> _Exercise goal_
Each entry should be set down again verbatim, with the images omitted.

> _Record set_

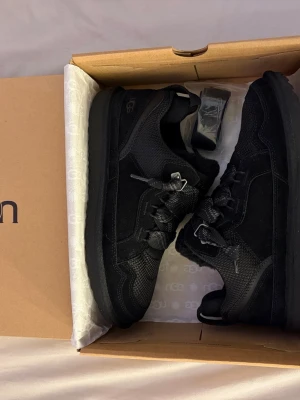 Svarta UGG sneakers i mesh och mocka - Snygga helsvarta sneakers från UGG med en mix av mesh och mocka på ovandelen. Skorna har breda svarta skosnören, diskret UGG-logga på sidan och en tjock sula för extra komfort. Perfekta för dig som gillar en stilren och sportig look.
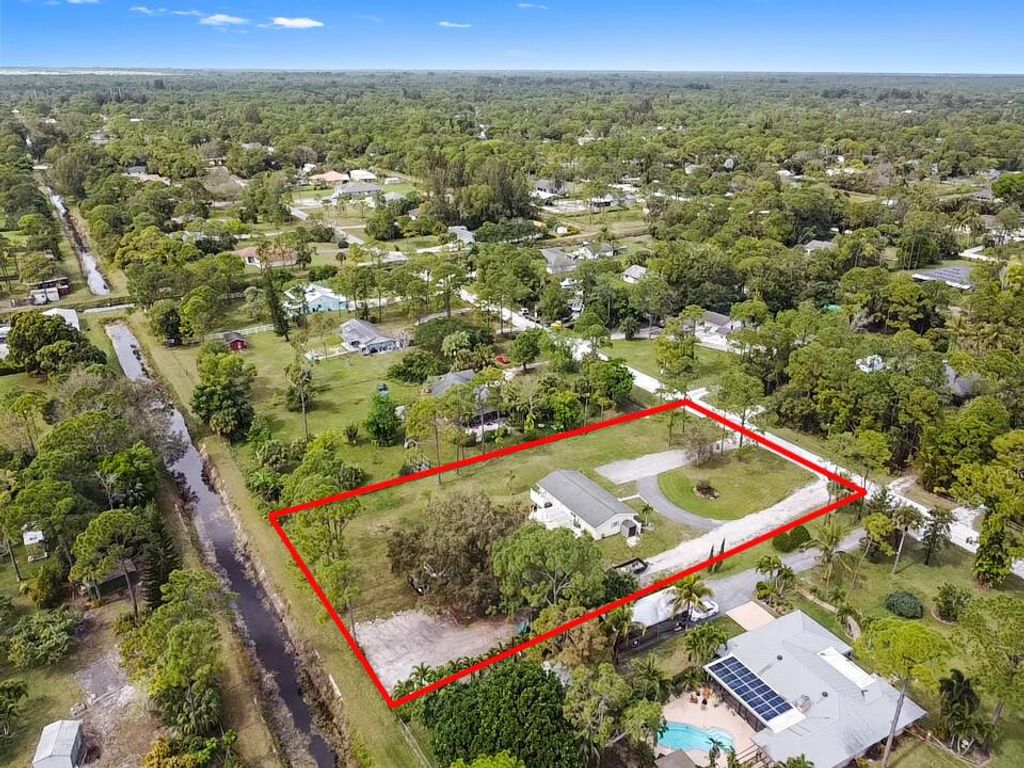 Photo of 11158 51st Court N, West Palm Beach, FL 33411 (MLS # R10960377)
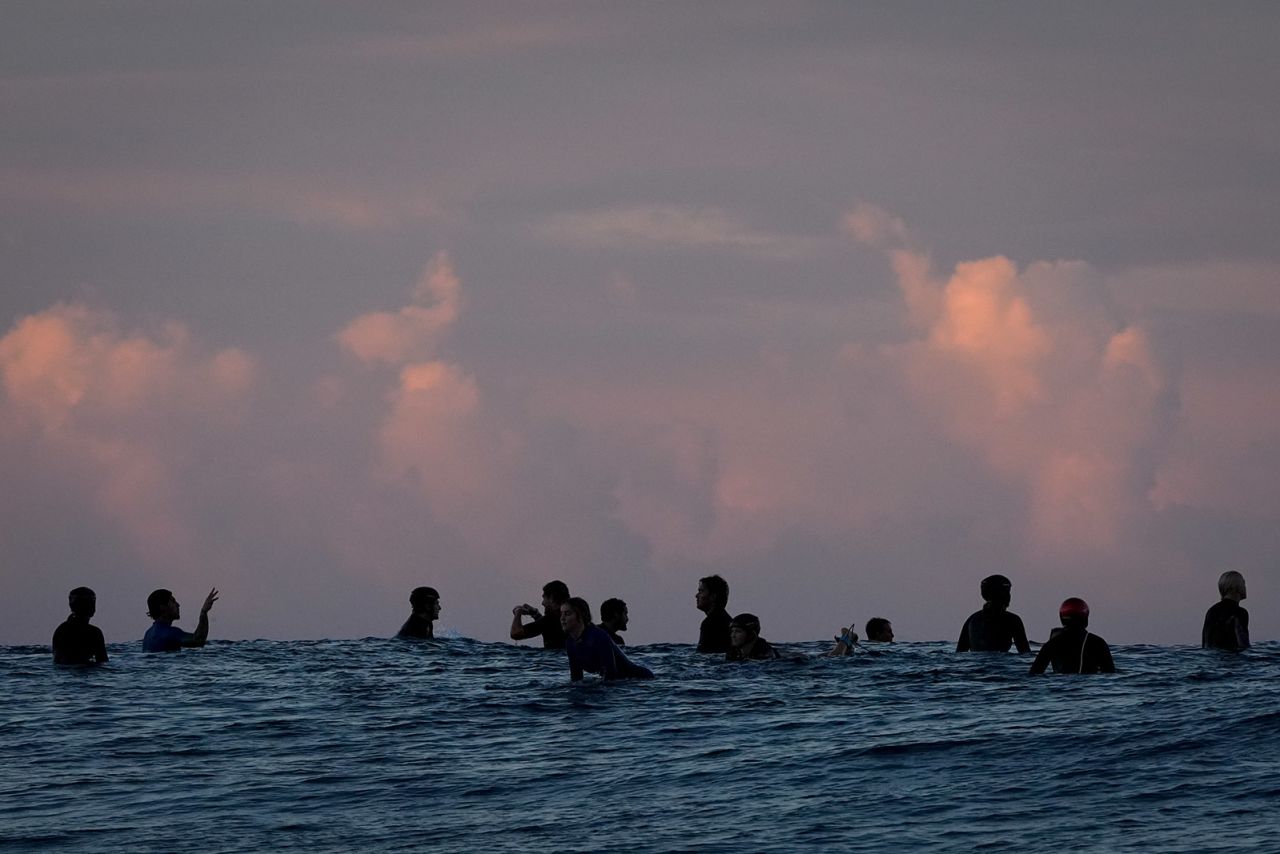 Surfers talk in the lineup before the start of the third round of surfing competition on July 29.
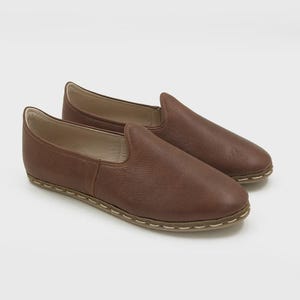 May include: A pair of brown leather slip-on shoes. The shoes have a rounded toe and a low profile. The soles are a lighter color and are stitched to the upper. The shoes are made of a soft, textured leather.
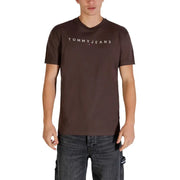 Brown Tommy Hilfiger Jeans men t-shirt with white logo and red white and blue flag emblem on the chest
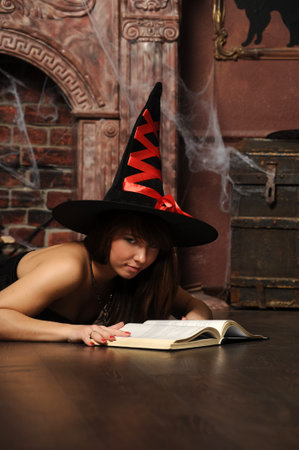 Young witch in a hat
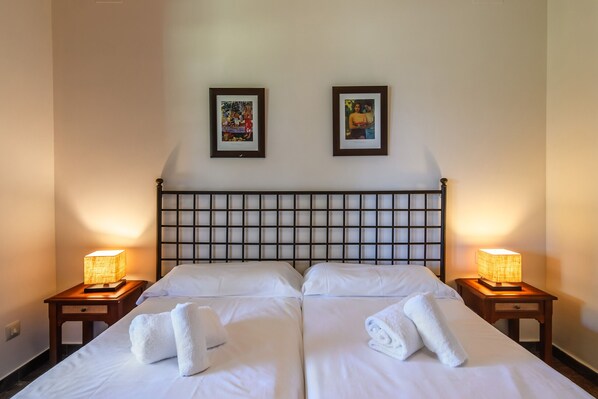 A double bed with white linens and two bedside lamps, a headboard with a grid pattern, and two framed pictures on the wall.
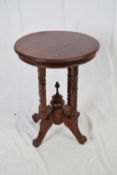 Small Far Eastern hardwood table in the Victorian style, circular top supported on four turned legs,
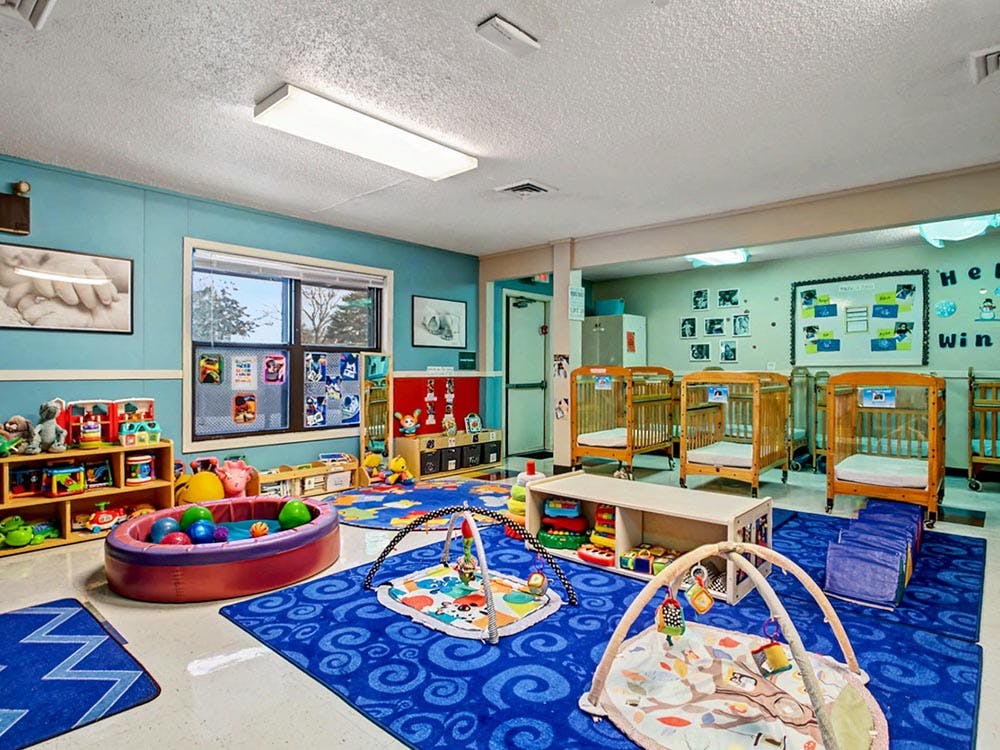 A colorful childcare room with cribs, play mats, and toys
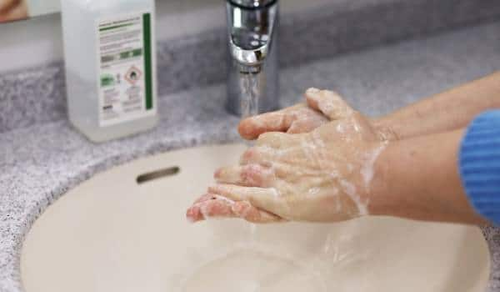 Hands covered in soap lather are being washed under running water in a sink. A bottle of liquid soap is visible on the counter next to the sink.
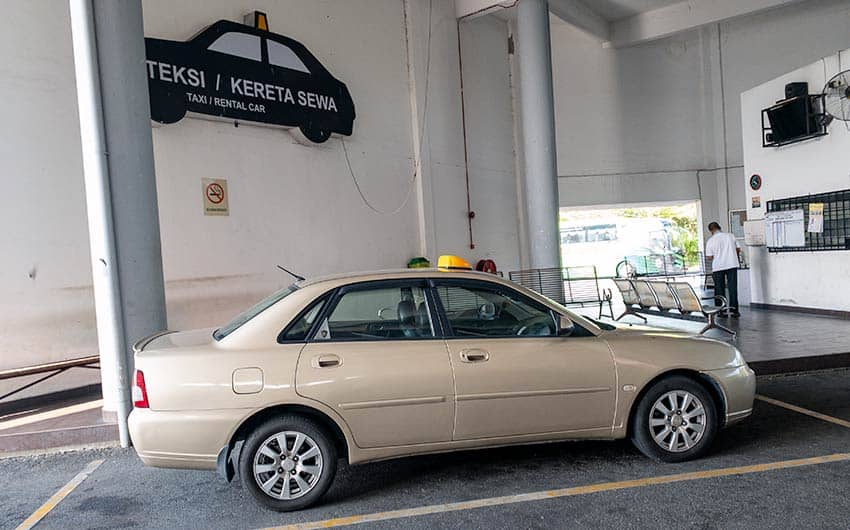 Taxi and kereta sewa stand at Jerantut bus terminal — onward transport from Kuala Lumpur to Taman Negara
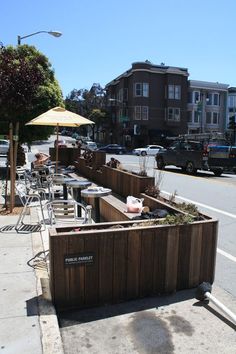 an outdoor seating area with tables and umbrellas on the side walk next to a city street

> _Exercise output_
 Svarta UGG sneakers i mesh och mocka - Snygga helsvarta sneakers från UGG med en mix av mesh och mocka på ovandelen. Skorna har breda svarta skosnören, diskret UGG-logga på sidan och en tjock sula för extra komfort. Perfekta för dig som gillar en stilren och sportig look.
 Photo of 11158 51st Court N, West Palm Beach, FL 33411 (MLS # R10960377)
 Surfers talk in the lineup before the start of the third round of surfing competition on July 29.
 May include: A pair of brown leather slip-on shoes. The shoes have a rounded toe and a low profile. The soles are a lighter color and are stitched to the upper. The shoes are made of a soft, textured leather.
 Brown Tommy Hilfiger Jeans men t-shirt with white logo and red white and blue flag emblem on the chest
 Young witch in a hat
 A double bed with white linens and two bedside lamps, a headboard with a grid pattern, and two framed pictures on the wall.
 Small Far Eastern hardwood table in the Victorian style, circular top supported on four turned legs,
 A colorful childcare room with cribs, play mats, and toys
 Hands covered in soap lather are being washed under running water in a sink. A bottle of liquid soap is visible on the counter next to the sink.
 Taxi and kereta sewa stand at Jerantut bus terminal — onward transport from Kuala Lumpur to Taman Negara
 an outdoor seating area with tables and umbrellas on the side walk next to a city street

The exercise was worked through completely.